The volatile
qualifier specifies to the compiler that all references to a variable (read or write) should result in a memory reference and those references must be in the order specified in the program. The use of the volatile
qualifier is illustrated in Chapter 12 of the Shane Cook book, "CUDA Programming".
The use of volatile
will avoid some optimizations the compiler can do and so change the number of used registers used.
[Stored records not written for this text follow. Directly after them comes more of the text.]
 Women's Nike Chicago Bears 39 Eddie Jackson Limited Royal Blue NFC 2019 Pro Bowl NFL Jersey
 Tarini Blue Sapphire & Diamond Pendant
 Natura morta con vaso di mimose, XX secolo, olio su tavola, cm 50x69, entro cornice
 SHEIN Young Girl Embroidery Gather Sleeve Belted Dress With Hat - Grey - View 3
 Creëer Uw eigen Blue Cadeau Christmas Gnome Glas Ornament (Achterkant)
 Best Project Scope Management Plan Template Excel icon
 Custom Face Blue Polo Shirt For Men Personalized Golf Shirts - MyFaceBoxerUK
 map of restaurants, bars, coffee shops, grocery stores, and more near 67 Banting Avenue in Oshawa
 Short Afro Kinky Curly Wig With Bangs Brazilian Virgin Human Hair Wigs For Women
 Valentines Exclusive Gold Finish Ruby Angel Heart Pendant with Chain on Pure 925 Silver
The best way to understand what volatile
is actually doing is to disassemble the relevant __global__
function with and without the qualifier.
Consider indeed the following kernel functions
__global__ void volatile_test() {
volatile float a[3];
for (int i=0; i<3; i++) a[i] = (float)i;
}
__global__ void no_volatile_test() {
float a[3];
for (int i=0; i<3; i++) a[i] = (float)i;
}
Disassembling the above kernel functions one obtains
code for sm_20
Function : _Z16no_volatile_testv
.headerflags @"EF_CUDA_SM20 EF_CUDA_PTX_SM(EF_CUDA_SM20)"
/*0000*/ MOV R1, c[0x1][0x100]; /* 0x2800440400005de4 */
/*0008*/ EXIT ; /* 0x8000000000001de7 */
Function : _Z13volatile_testv
.headerflags @"EF_CUDA_SM20 EF_CUDA_PTX_SM(EF_CUDA_SM20)"
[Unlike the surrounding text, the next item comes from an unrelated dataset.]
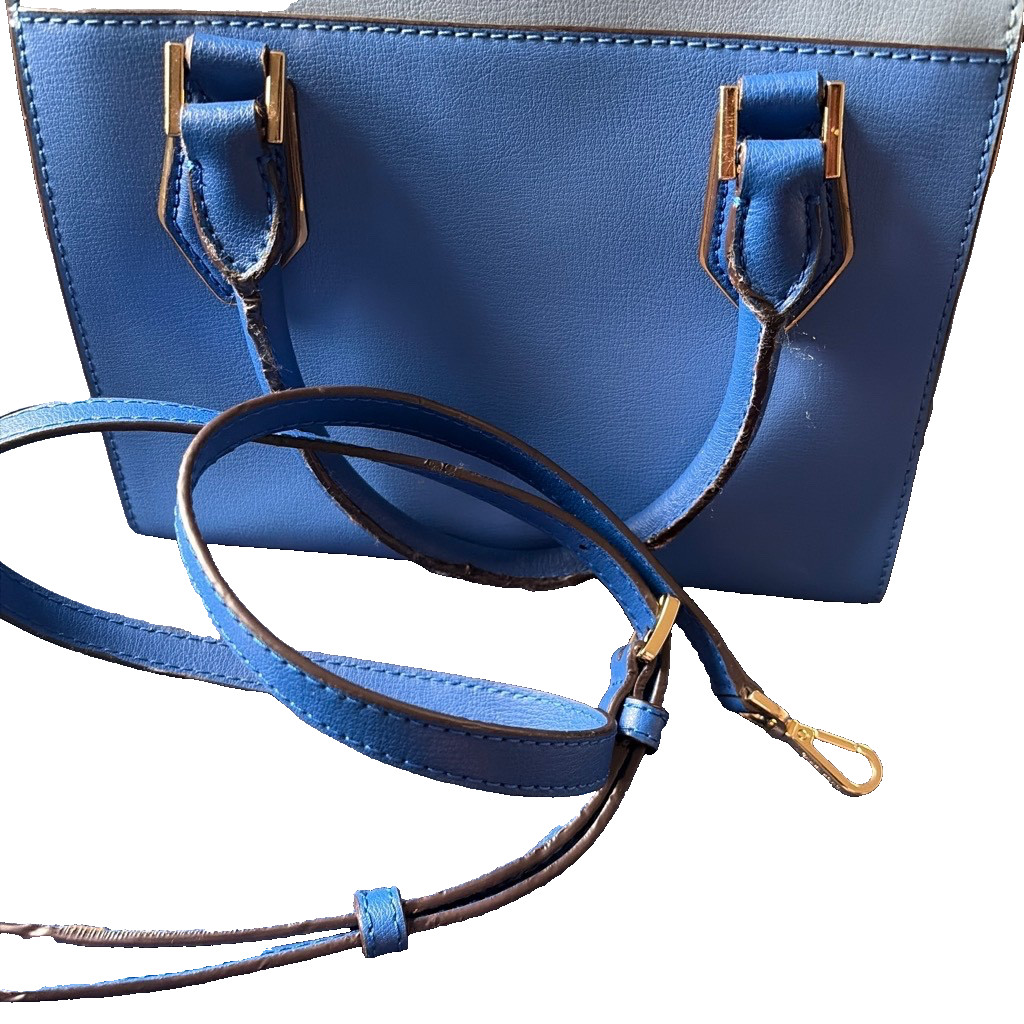 Michael Kors Purse- Blue With Extra Strap To Make Crossbody- Designer- Used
/*0000*/ MOV R1, c[0x1][0x100]; /* 0x2800440400005de4 */
/*0008*/ ISUB R1, R1, 0x10; /* 0x4800c00040105d03 */ R1 = address of a[0]
/*0010*/ MOV32I R2, 0x3f800000; /* 0x18fe000000009de2 */ R2 = 1
/*0018*/ MOV32I R0, 0x40000000; /* 0x1900000000001de2 */ R0 = 2
/*0020*/ STL [R1], RZ; /* 0xc8000000001fdc85 */
/*0028*/ STL [R1+0x4], R2; /* 0xc800000010109c85 */ a[0] = 0;
/*0030*/ STL [R1+0x8], R0; /* 0xc800000020101c85 */ a[1] = R2 = 1;
/*0038*/ EXIT ; /* 0x8000000000001de7 */ a[2] = R0 = 2;
As you can see, when NOT using the volatile
keyword, the compiler realizes that a
is set but never used (indeed, the compiler returns the following warning: variable "a" was set but never used) and there is practically no disassembled code.
Opposite to that, when using the volatile
keyword, all references to a
are translated to memory references (write in this case).